A la traîne de Pixar depuis sa création, Dreamworks n’en garde pas moins une science affûtée du marketing, entre pillage en règle des premiers et croyance cynique en quelques principes mercantiles (budgets faramineux, stars au doublage, second degré pour plaire aux parents). Nos voisins les hommes ne déroge pas à la règle à ceci près qu’il théorise enfin la marque de fabrique du studio, faisant du business son unique sujet. Ne plus chercher donc de comparaison avec Pixar sous peine de déception majeure : les films Dreamworks sont irrémédiablement méchants, secs et sans pitié envers leur public et les personnages qu’ils mettent en scène. Le cynisme, validé sur tous les opus (remember Gang de requins, sommet de fumisterie où l’anthropomorphisme atteignait un point culminant de monstruosité esthétique) trouve cependant ici une grammaire cinématographique digne de ce nom.
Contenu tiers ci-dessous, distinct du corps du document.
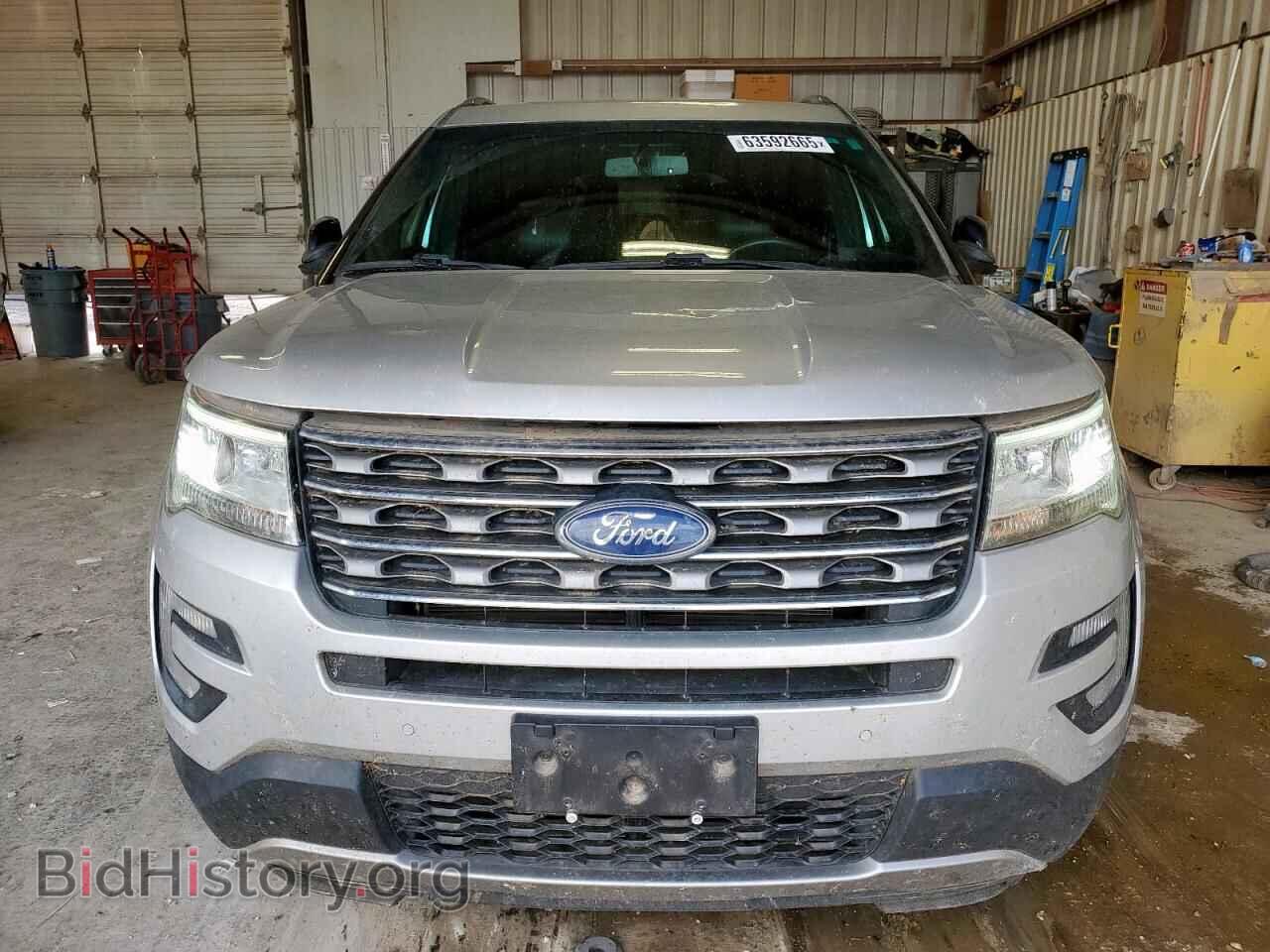 2017 FORD EXPLORER - VIN: 1FM5K7D81HGE37013 - Фото 5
Riton, le raton laveur vedette, est un joyeux arnaqueur qui dévalise les réserves des autres animaux avant de découvrir les trésors de nourriture que recèlent les humains dans une opulente banlieue pavillonnaire. Pour rembourser une dette, il manipule une candide petite communauté et la pervertit aux débauches de la consommation. On retiendra l’allégorie avec Pixar, boîte de Pandore qu’on vient détrousser comme un rituel délicieux. Mais l’intérêt du film consiste à dénoncer ce système tout en s’y laissant happer avec délice, double mouvement qui lui permet de trouver une profondeur digne de ses moyens. Mouvement d’abord politique, chaque raid du petit commando intégrant ce dernier un peu plus à la société, laquelle le rejette avec d’autant plus de violence. Un rapport au monde très Occident / Tiers monde, le film allant même jusqu’à piocher dans l’imagerie de Guantanamo lorsque les créatures se trouvent empilées dans des cages métalliques par un dératiseur en combinaison orange.

Mouvement ensuite purement cinématographique : vitesse, fluidité et enjeux sans cesse réactivés, le film est galvanisé, toujours tendu par deux enjeux forts, la survie (manger, sauver sa peau) et la quête du plaisir, ici plaisir consumériste, de la capitalisation à l’excitation de nouveaux produits (les chips, dont les animaux raffolent comme de la cocaïne non coupée). On note, qu’enfin, Dreamworks ne se contente plus d’empiler des images mais d’atteindre une certaine excellence dans l’enchaînement des séquences. A ce titre, la scène de poursuite du chien est un modèle du genre, où chaque élément intègre l’action et l’intensifie, le remplissage du cadre faisant office de crescendo dramatique. A défaut d’âme pure, il y a maintenant du cinéma dans les produits du studio Dreamworks.